Das pralle Leben
Titten, Titten, Titten war das letzte was der Weihnachtsmann laut vor sich hinmurmelte, bevor er im Kamin stecken blieb. Dass ihm dies ausgerec hnet an seinem 40. Dienstjubiläum bei „Chez Susi“ passieren würde, brachte seinen ganzen Dienstplan durcheinander. Ach, die Susi. Der zweite Teil des „Chez Susi“ hatte einfach ein zu köstliches Buffet aufgebaut. Seit 1981 betrieb sie ihren Swinger Club, dessen Namensgebung bereits in den 80er Jahren von schlechtem Geschmack zeugte und im Jahr 2021 Assoziationen an Hairstylistinnen und Mantafahrerinnen weckte.
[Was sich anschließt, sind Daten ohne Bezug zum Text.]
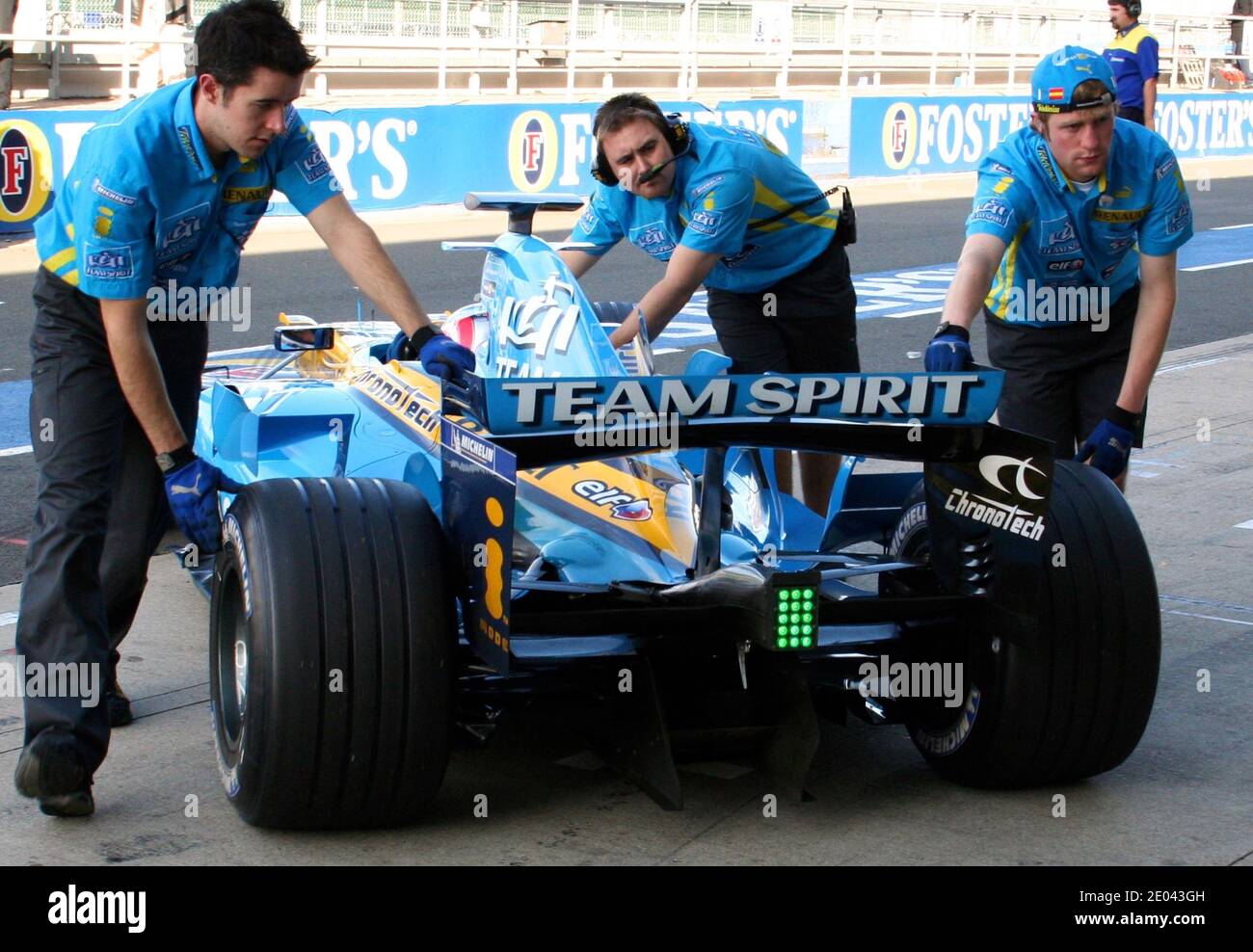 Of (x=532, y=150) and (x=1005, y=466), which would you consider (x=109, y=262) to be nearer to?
(x=1005, y=466)

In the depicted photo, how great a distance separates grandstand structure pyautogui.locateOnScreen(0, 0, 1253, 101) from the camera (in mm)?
23812

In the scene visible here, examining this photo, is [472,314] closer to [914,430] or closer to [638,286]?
[914,430]

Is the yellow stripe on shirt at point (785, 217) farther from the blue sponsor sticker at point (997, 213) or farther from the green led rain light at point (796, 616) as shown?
the green led rain light at point (796, 616)

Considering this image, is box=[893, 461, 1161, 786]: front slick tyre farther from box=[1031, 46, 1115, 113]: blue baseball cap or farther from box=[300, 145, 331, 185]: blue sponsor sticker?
box=[300, 145, 331, 185]: blue sponsor sticker

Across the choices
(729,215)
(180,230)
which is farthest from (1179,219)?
(180,230)

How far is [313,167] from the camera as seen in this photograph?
452 cm

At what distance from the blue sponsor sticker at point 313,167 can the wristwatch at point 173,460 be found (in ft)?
2.69

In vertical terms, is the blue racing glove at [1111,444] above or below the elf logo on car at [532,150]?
below

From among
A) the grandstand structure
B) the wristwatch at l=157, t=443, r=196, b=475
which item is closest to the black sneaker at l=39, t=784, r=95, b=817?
the wristwatch at l=157, t=443, r=196, b=475

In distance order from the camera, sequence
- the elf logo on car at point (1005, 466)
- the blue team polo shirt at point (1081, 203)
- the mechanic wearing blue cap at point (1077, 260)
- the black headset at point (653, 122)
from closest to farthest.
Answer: the elf logo on car at point (1005, 466)
the mechanic wearing blue cap at point (1077, 260)
the blue team polo shirt at point (1081, 203)
the black headset at point (653, 122)

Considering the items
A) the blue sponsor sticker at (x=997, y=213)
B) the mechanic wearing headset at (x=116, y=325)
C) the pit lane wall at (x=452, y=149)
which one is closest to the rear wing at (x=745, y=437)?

An der Einrichtung hatte sie in all´ den Jahren nicht gespart. Nach jedem Besuch einer Sexmesse oder speziellen Einrichtungshäusern fanden sich neue Gegenstände in den Räumlichkeiten wieder. In ihrem geerbten 1200m² Domizil gab es neben den großen Liegewiesen und den vielen Betten auch spezielle Zimmer. Der erste Blick in eines dieser ließ den Weihnachtsmann damals etwas erröten. Viel erröten. Als er danach auf dem Schlitten Platz nahm, vermuteten die Rentiere, dass sein rotes Gesicht der Hektik des heiligen Abends in 1991 geschuldet war. Damals fand er es schade, sich mit ihnen nicht darüber austauschen zu können. Dank dem WWW, welches bei ihm nur zwischen Weihnachten und Sylvester zu nutzen war, konnte er nun die Kreuze, die Ketten, Peitschen und Nadeln zuordnen. Die verschiedenen Sybian Maschinen entlockten ihm inzwischen nur noch ein müdes Lächeln. Grinsen musste er, wenn er das Quietschen des großen Bauernbettes in der Bauernstube hörte. Zwischen rotkarierter Bettwäsche räkelten und bewegten sich immer ausreichend Körper beider Geschlechter. Es schien seit Jahrzehnten eines der beliebtesten Zimmer zu sein. Irgendwie rechnete der Weihnachtsmann bei seinen Terminen im Club, dass Susi ein Zimmer stylisch in eine Scheune umwandeln würde und er wildes treiben im Heu beobachten könnte, während Jürgen Drews aus den Lautsprechern dröhnen würde.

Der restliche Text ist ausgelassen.